We volunteers have been lucky with meat. We’ve been given moose, caribou, salmon, halibut, and soups bulked up with reindeer sausage. So far, it has been a hearty fall.
The unanticipated twist for me is that though I’m eating the best meat of my life, I’m eating far less of it than I used to. The biggest reason is that the other housemates just aren’t as carnivorous. Our habits at the grocery store tend more towards the verdant vegetable aisle than the rosy trough of cellophane swaddled meat. And it’s no real loss. The difference in taste between a pricy pork-chop from the store and a thin slab of free roaming caribou flank is substantial.

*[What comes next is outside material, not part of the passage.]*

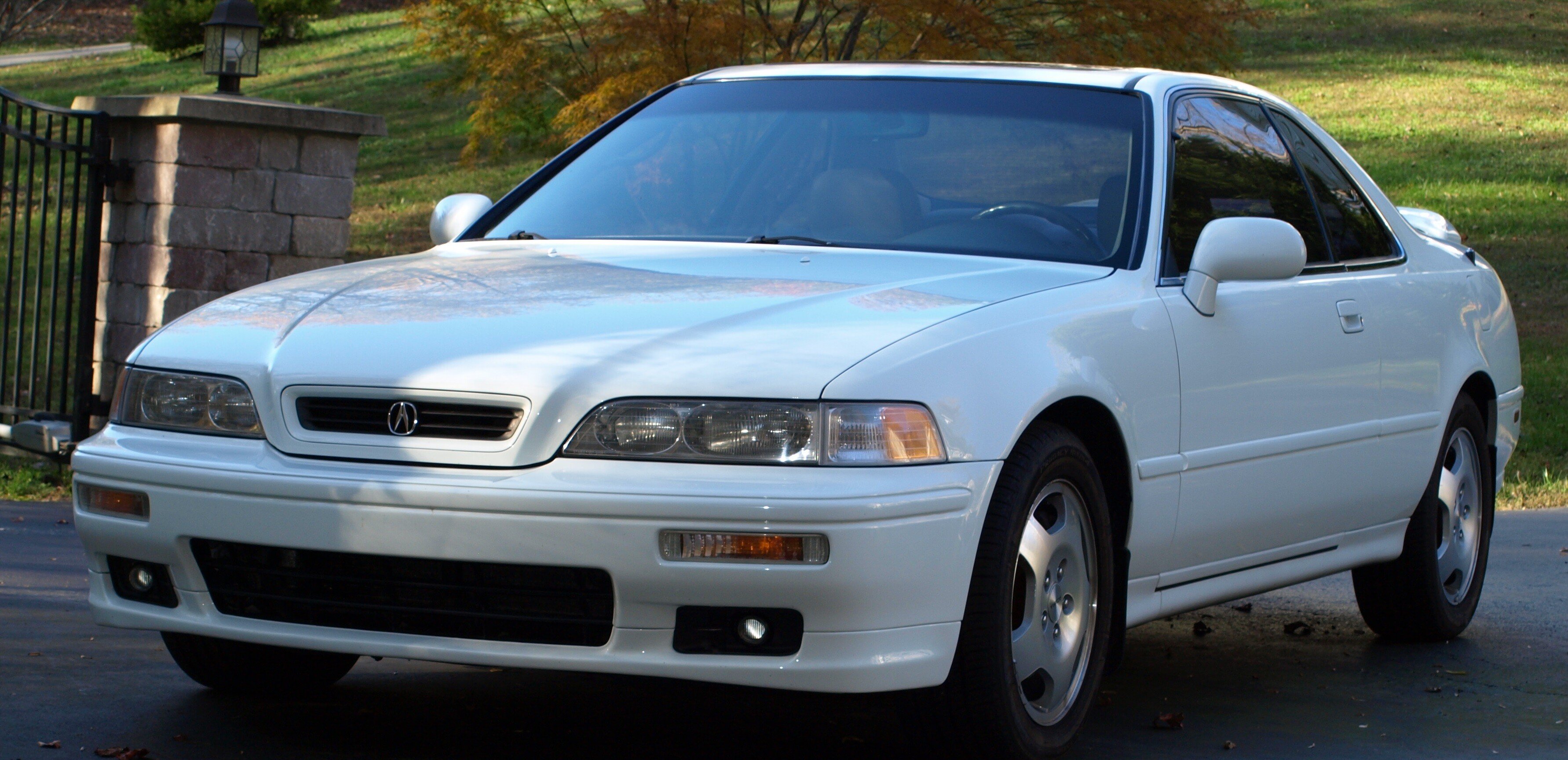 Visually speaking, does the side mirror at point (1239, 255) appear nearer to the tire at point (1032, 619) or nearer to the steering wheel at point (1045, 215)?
the steering wheel at point (1045, 215)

Whereas I felt a consistent low-level tingle of shame over labor, environmental, and ethical issues wrapped up in industrial meat, I have few qualms with adept hunters killing and butchering free-range tundra beasts.

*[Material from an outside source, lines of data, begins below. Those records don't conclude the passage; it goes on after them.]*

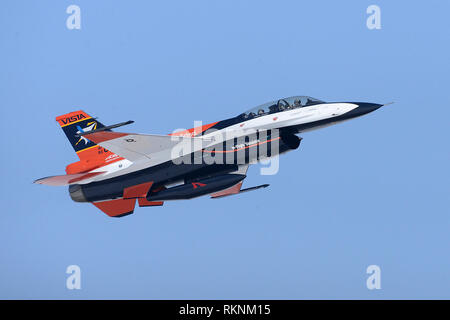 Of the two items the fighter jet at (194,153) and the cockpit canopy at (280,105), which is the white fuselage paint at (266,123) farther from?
the cockpit canopy at (280,105)

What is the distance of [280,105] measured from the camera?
2830 centimetres

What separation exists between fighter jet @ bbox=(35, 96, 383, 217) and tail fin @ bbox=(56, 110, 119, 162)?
86 mm

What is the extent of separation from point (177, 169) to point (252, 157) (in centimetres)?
284

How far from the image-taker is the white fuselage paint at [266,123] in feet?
90.3

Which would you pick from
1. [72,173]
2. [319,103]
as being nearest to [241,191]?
[319,103]

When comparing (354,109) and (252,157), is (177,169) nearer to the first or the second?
(252,157)

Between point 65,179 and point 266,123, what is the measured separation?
7.78m

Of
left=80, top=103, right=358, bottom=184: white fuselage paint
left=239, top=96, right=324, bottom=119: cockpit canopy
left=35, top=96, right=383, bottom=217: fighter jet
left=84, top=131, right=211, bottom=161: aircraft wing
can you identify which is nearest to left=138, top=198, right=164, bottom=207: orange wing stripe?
left=35, top=96, right=383, bottom=217: fighter jet

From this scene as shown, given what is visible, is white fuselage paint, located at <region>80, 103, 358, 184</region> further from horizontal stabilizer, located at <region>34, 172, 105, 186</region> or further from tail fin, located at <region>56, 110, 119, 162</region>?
tail fin, located at <region>56, 110, 119, 162</region>

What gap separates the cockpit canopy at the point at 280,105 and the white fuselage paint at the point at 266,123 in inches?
8.2

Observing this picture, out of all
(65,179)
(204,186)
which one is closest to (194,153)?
(204,186)

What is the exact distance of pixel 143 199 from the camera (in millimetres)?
28938
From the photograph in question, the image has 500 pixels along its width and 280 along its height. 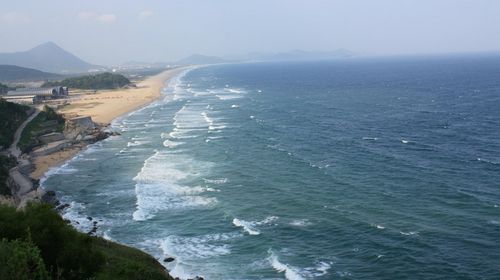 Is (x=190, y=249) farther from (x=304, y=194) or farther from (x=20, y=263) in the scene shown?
(x=20, y=263)

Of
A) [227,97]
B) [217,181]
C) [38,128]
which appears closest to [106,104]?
[227,97]

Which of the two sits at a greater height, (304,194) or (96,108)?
(96,108)

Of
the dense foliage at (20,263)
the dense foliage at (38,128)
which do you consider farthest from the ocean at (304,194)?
the dense foliage at (20,263)

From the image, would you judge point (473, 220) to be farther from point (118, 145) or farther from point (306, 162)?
point (118, 145)

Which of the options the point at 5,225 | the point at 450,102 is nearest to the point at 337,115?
the point at 450,102

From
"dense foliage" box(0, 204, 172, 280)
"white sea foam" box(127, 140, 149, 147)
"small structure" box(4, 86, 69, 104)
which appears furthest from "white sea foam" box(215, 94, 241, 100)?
"dense foliage" box(0, 204, 172, 280) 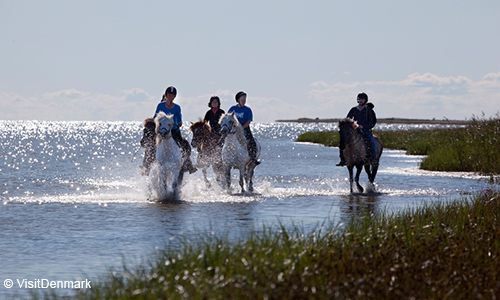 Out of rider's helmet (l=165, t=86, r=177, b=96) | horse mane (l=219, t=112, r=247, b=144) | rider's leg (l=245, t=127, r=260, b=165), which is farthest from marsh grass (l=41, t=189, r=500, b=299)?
rider's leg (l=245, t=127, r=260, b=165)

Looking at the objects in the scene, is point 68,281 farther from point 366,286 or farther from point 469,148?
point 469,148

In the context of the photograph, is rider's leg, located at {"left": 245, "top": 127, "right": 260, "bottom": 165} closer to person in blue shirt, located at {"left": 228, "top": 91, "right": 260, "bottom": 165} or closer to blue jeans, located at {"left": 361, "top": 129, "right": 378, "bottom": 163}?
person in blue shirt, located at {"left": 228, "top": 91, "right": 260, "bottom": 165}

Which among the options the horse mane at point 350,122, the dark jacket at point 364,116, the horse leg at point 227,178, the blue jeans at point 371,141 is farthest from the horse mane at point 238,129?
the blue jeans at point 371,141

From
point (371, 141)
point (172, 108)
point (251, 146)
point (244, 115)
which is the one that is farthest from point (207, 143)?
point (371, 141)

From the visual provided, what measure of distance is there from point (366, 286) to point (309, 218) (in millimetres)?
8390

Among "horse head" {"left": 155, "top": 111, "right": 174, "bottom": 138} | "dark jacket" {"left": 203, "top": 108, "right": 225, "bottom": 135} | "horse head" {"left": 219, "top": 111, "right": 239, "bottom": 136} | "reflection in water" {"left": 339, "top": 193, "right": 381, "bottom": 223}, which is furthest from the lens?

But I’d never lived in a place with a strong hunting and subsistence culture before, and eating this way is a new option. Its rules are not self-evident: how much people set aside, which cuts and animals are most preferable, reciprocity with meat-giving—all of these are still mysteries to me. What’s more, we volunteers are pretty incompetent and useless: we don’t hunt, own no guns, and can provide only the most basic, unskilled labor if anyone decided it was worth the liability to let us tag along. We are like fawns wobbling unsteadily atop spindly legs, sticky with dew. There is a political vernacular in Alaska to the language around killing animals. Key and contested terms are “subsistence rights,” “hunting,” “harvesting,” “commercial,” “sport,” and so on. Within this loaded lexicon we volunteers deserve our own designation: subsistence moochers.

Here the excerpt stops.